I recently came across dirac delta function and trying to learn about it has led me to learn that it is a distribution/generalized function and is not a ordinary function. But most of the explanations as mathematically abstract. So I am trying to understand it using examples. The common example given while explaining the dirac delta function is that it helps express in a mathematically-correct form such idealized concepts as the density of a material point, a point charge or a point dipole, the (space) density of a simple or double layer, the intensity of an instantaneous source, etc. I am wondering how the distribution helps mathematically represent concept such as density.

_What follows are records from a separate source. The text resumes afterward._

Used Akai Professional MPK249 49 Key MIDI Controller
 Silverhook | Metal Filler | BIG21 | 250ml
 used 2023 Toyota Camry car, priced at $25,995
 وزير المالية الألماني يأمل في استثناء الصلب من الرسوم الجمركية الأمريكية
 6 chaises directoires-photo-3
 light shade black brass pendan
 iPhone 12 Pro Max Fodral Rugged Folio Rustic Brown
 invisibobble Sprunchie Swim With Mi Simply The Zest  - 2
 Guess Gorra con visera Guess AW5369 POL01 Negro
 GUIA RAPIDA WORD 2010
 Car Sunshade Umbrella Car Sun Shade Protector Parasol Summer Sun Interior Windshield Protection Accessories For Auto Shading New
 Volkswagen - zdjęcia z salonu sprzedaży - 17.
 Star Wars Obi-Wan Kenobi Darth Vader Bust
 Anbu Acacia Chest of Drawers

The sentence "On the other hand, the concept of a generalized function reflects the fact that in reality a physical quantity cannot be measured at a point; only its mean values over sufficiently small neighbourhoods of a given point can be measured. Thus, the technique of generalized functions serves as a convenient and adequate apparatus for describing the distributions of various physical quantities. Hence generalized functions are also called distributions." (Ref:https://www.encyclopediaofmath.org/index.php/Generalized_function) means that the mass is "continuous" (in continuum approximation sense), but when talking about "density at a point", in reality we consider the only the mass closely "distributed" around that point. This is why density is a "distribution".
a)So is density not continuous?
b)How does the integral: $$ \int_{-\infty}^{\infty}f(x)\delta(x-a)dx=f(a) $$ help explain the concept of density? is the test function $f(x)$ giving the continuous density through out the one dimensional space and the delta function help us get the density at a point a?
C)Why not directly get the value of the trial function at point 'a' using f(a) instead of using the round about way of delta fucntion?
Note: Here is a good notes that I found useful -> https://math.mit.edu/~stevenj/18.303/delta-notes.pdf
a) If you tried to define what "density" is and what "continuous" for it means, you would find that it makes no sense. As you use it, it defines a measure, that is, it assigns every interval (and thus every Borel set) some positive value. One can show that this is equivalent to a linear continuous functional on the space of continuous test functions, either compactly supported or fast falling. In that later sense, continuity is built-in.
b) It does not explain anything, it is just a definition of the left side by the right, as the left side does not have a meaning in itself. You can use it as another symbolic way to denote the application of the delta distribution to a test function. The non-symbolic content is the right side, it defines what the left side means.
c) You are right, one could say that this is just the evaluation operator in $a$ and write $E_a(f)=f(a)$. But Dirac introduced this notation and since then it is traditional. It is also compatible with the idea of an approximate identity (of the convolution of $L^1$ functions) which approximate delta in a distributional sense. To recap, any function $\phi$ which is non-negative, and integrable with integral $1$ defines an approximate identity (at $x=0$) with the sequence of functions $\phi_n(x)=n\phi(nx)$. So it is common to write $\phi_n\to\delta_0$ for $n\to\infty$ (in the topology of distributions).
See Carl Offner: "A little harmonic analysis" for a deeper trieatment of these ideas.